## [INPUT]
***
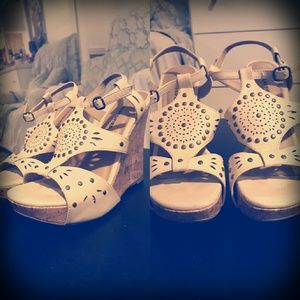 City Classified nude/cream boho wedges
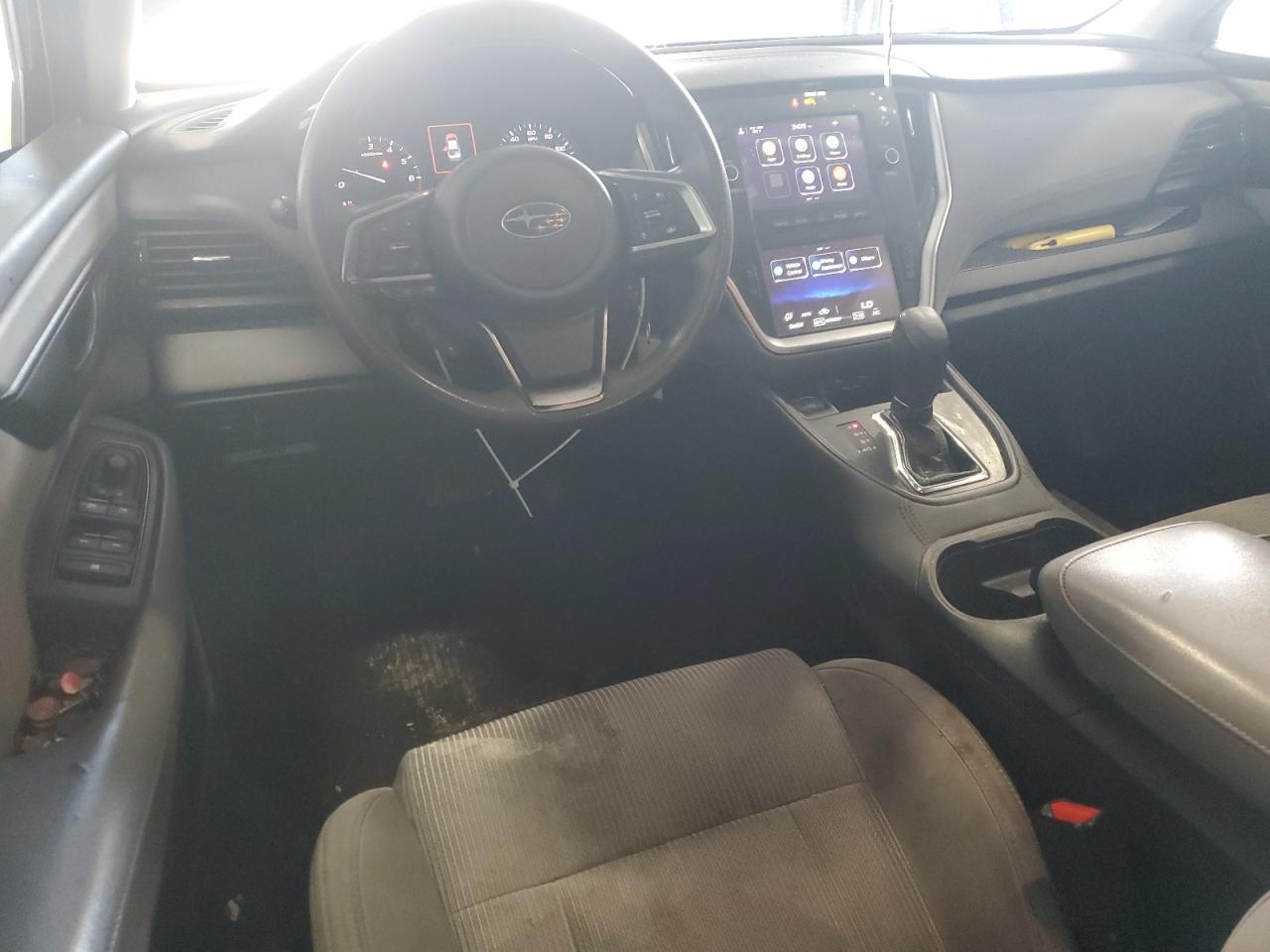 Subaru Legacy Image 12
***
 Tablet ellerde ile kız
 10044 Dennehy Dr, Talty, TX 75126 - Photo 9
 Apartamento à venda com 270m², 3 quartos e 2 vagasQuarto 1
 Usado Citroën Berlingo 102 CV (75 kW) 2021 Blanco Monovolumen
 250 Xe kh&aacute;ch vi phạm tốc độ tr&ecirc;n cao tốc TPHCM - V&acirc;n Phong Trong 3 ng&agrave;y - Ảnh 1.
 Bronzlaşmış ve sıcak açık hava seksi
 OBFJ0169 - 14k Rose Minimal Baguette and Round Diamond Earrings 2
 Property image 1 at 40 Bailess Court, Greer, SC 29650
***
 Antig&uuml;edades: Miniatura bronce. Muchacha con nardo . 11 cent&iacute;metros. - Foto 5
***
## [WORK TO BE COMPLETED]
When you reach the line holding "OBFJ0169 - 14k" in the records above, begin reproducing exactly, stop after the line holding "Property image 1", and output nothing else.

## [EXPECTED ANSWER]
 OBFJ0169 - 14k Rose Minimal Baguette and Round Diamond Earrings 2
 Property image 1 at 40 Bailess Court, Greer, SC 29650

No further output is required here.